=== INSTRUCTIONS FOR THE TASK ===
Please retype all the records below exactly as they read.

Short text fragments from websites
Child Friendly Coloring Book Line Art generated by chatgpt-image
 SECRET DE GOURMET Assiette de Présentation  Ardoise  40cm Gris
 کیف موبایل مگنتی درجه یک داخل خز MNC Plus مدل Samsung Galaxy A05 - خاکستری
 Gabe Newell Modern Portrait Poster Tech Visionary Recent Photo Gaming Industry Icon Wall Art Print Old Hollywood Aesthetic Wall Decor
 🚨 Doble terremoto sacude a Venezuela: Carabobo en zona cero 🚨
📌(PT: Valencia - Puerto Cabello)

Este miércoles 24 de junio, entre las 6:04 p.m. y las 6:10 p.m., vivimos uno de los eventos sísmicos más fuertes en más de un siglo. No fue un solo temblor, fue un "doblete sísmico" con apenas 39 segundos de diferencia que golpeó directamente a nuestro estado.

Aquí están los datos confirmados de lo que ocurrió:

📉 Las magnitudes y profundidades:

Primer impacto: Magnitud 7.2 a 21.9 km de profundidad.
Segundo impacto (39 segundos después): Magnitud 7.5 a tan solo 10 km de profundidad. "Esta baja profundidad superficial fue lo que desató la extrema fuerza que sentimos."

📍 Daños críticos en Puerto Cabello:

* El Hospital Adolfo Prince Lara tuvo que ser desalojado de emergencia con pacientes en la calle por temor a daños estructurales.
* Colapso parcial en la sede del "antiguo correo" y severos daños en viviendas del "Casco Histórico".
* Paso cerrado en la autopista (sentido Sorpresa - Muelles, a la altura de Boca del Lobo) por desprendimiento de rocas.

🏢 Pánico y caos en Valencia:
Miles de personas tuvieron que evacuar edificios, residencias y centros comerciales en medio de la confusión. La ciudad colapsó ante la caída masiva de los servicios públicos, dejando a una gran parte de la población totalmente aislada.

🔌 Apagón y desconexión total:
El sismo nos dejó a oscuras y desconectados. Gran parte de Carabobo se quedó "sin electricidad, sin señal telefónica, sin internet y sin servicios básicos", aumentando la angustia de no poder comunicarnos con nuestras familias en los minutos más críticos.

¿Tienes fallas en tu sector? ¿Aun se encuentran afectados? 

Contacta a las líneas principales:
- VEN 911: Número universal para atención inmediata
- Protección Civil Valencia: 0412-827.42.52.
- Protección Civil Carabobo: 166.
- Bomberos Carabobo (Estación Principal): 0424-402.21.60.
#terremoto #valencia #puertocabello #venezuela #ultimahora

=== OUTPUT BELOW ===
Child Friendly Coloring Book Line Art generated by chatgpt-image
 SECRET DE GOURMET Assiette de Présentation  Ardoise  40cm Gris
 کیف موبایل مگنتی درجه یک داخل خز MNC Plus مدل Samsung Galaxy A05 - خاکستری
 Gabe Newell Modern Portrait Poster Tech Visionary Recent Photo Gaming Industry Icon Wall Art Print Old Hollywood Aesthetic Wall Decor
 🚨 Doble terremoto sacude a Venezuela: Carabobo en zona cero 🚨
📌(PT: Valencia - Puerto Cabello)

Este miércoles 24 de junio, entre las 6:04 p.m. y las 6:10 p.m., vivimos uno de los eventos sísmicos más fuertes en más de un siglo. No fue un solo temblor, fue un "doblete sísmico" con apenas 39 segundos de diferencia que golpeó directamente a nuestro estado.

Aquí están los datos confirmados de lo que ocurrió:

📉 Las magnitudes y profundidades:

Primer impacto: Magnitud 7.2 a 21.9 km de profundidad.
Segundo impacto (39 segundos después): Magnitud 7.5 a tan solo 10 km de profundidad. "Esta baja profundidad superficial fue lo que desató la extrema fuerza que sentimos."

📍 Daños críticos en Puerto Cabello:

* El Hospital Adolfo Prince Lara tuvo que ser desalojado de emergencia con pacientes en la calle por temor a daños estructurales.
* Colapso parcial en la sede del "antiguo correo" y severos daños en viviendas del "Casco Histórico".
* Paso cerrado en la autopista (sentido Sorpresa - Muelles, a la altura de Boca del Lobo) por desprendimiento de rocas.

🏢 Pánico y caos en Valencia:
Miles de personas tuvieron que evacuar edificios, residencias y centros comerciales en medio de la confusión. La ciudad colapsó ante la caída masiva de los servicios públicos, dejando a una gran parte de la población totalmente aislada.

🔌 Apagón y desconexión total:
El sismo nos dejó a oscuras y desconectados. Gran parte de Carabobo se quedó "sin electricidad, sin señal telefónica, sin internet y sin servicios básicos", aumentando la angustia de no poder comunicarnos con nuestras familias en los minutos más críticos.

¿Tienes fallas en tu sector? ¿Aun se encuentran afectados? 

Contacta a las líneas principales:
- VEN 911: Número universal para atención inmediata
- Protección Civil Valencia: 0412-827.42.52.
- Protección Civil Carabobo: 166.
- Bomberos Carabobo (Estación Principal): 0424-402.21.60.
#terremoto #valencia #puertocabello #venezuela #ultimahora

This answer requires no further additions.